When we talk about Privacy Enhancing Techniques (PETs) we often don’t consider what we really mean by “privacy”. We often miss the nuance that “privacy” can come in many different shapes and sizes. Understanding different types of privacy and how to measure them allows us to ensure our data is secure for a given application and can help us select the right PETs to achieve appropriate levels of privacy
Privacy is not a binary concept where a data set is either “private” or not but a much more nuanced idea. Luckily we can measure and quantify different types of privacy. To achieve both high levels of utility and privacy in your data, you need to understand the levels of privacy achieved with each PET application. This allows the trade-off between privacy and utility to be optimised for a given application. While there are large amounts of ways to analyse and quantify the privacy of data sets, there are a few key privacy models that are important to understand.
Our data set
To further explain these privacy models we are going to demonstrate them on an example data set. We can classify each "column" or attribute of this data set as either being a sensitive attribute (SA), identifying (ID), quasi-identifying (QID), or non-sensitive (NS). Generally, SAs are the thing that we are trying to protect, but are often also the attributes that we are hoping to analyse. IDs are direct identifiers (passport numbers, full names, etc.). QIDs on the other hand are attributes such as age and gender that relate to a person. While QIDs are not directly identifying, if a number of them are combined they can be used to identify an individual. For example, it has been shown that it is possible to identify about 87% of the US population by only using their zip code, age, and gender.

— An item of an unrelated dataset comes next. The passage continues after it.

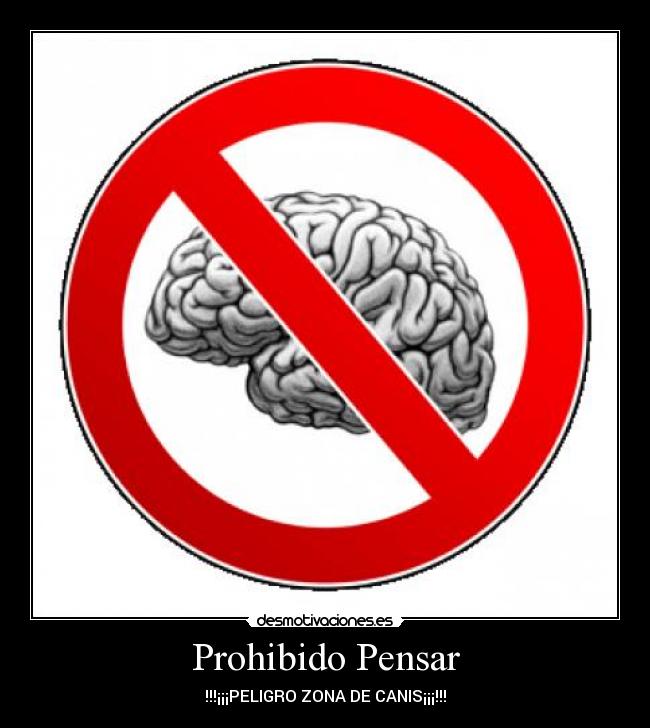Prohibido Pensar -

Our data set shows what political parties an individual voted for. To improve the privacy of our data we have applied a masking PET to the "Names" and a generalisation PET to the "Age".
We now also consider a possible attack on the protected data using linkage. This is where the attacker knows an individual is included in the data set and has some information about that individual. This sort of information can be gathered from all kinds of public data sources. In this instance, this information might have come from a voter registry.

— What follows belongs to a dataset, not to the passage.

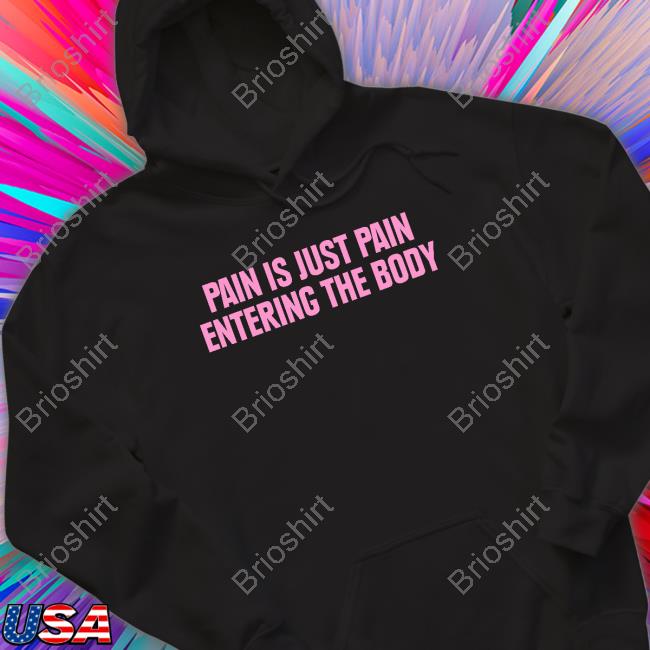 Official Pain Is Just Pain Entering The Body Shirts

K-anonymity states that each individual is hidden in a group of k-1 other individuals with the same QID values. The larger the number of individuals in each QID group the higher the privacy as it is hard for the attacker to link any individual to a sensitive attribute.
Considering our data we can determine our k value by grouping our data by our QIDs.
The smallest QID group has only one person in it giving this data set a k value of 1, making this data set 1-anonymous.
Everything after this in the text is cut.